* The task *
Scan the data, and whenever a line contains "Case", copy it.

* Exercise data *
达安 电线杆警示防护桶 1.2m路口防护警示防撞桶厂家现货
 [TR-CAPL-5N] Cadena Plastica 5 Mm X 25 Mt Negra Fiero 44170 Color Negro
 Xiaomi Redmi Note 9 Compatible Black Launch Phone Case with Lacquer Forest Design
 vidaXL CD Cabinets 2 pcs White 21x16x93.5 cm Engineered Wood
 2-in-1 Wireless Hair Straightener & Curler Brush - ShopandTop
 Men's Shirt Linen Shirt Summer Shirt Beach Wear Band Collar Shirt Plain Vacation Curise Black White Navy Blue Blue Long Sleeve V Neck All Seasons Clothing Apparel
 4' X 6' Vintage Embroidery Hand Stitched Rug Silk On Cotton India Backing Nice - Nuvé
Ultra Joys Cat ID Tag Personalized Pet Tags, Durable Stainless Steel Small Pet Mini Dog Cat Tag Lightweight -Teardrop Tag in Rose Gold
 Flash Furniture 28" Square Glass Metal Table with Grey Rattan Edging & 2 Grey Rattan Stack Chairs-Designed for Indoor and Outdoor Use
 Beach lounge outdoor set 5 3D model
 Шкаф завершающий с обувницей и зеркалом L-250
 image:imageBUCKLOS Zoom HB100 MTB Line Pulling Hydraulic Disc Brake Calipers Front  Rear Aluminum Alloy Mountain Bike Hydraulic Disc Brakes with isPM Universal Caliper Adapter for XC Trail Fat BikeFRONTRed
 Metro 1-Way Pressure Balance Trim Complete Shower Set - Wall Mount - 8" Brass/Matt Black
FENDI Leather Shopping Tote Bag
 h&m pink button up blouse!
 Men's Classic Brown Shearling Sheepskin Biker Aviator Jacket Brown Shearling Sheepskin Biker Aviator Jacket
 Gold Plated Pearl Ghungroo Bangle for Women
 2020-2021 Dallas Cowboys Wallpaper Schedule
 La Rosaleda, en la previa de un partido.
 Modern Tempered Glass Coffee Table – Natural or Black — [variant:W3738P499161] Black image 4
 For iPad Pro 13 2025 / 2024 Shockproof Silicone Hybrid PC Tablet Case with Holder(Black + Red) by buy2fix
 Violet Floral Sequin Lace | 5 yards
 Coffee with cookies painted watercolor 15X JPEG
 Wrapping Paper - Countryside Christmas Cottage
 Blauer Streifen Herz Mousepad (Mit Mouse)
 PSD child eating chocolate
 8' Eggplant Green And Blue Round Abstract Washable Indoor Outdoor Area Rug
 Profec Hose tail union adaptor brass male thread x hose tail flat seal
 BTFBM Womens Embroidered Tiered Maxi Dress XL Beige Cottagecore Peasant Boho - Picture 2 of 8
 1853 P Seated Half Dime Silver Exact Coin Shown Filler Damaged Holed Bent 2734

* Result of the task *
 Xiaomi Redmi Note 9 Compatible Black Launch Phone Case with Lacquer Forest Design
 For iPad Pro 13 2025 / 2024 Shockproof Silicone Hybrid PC Tablet Case with Holder(Black + Red) by buy2fix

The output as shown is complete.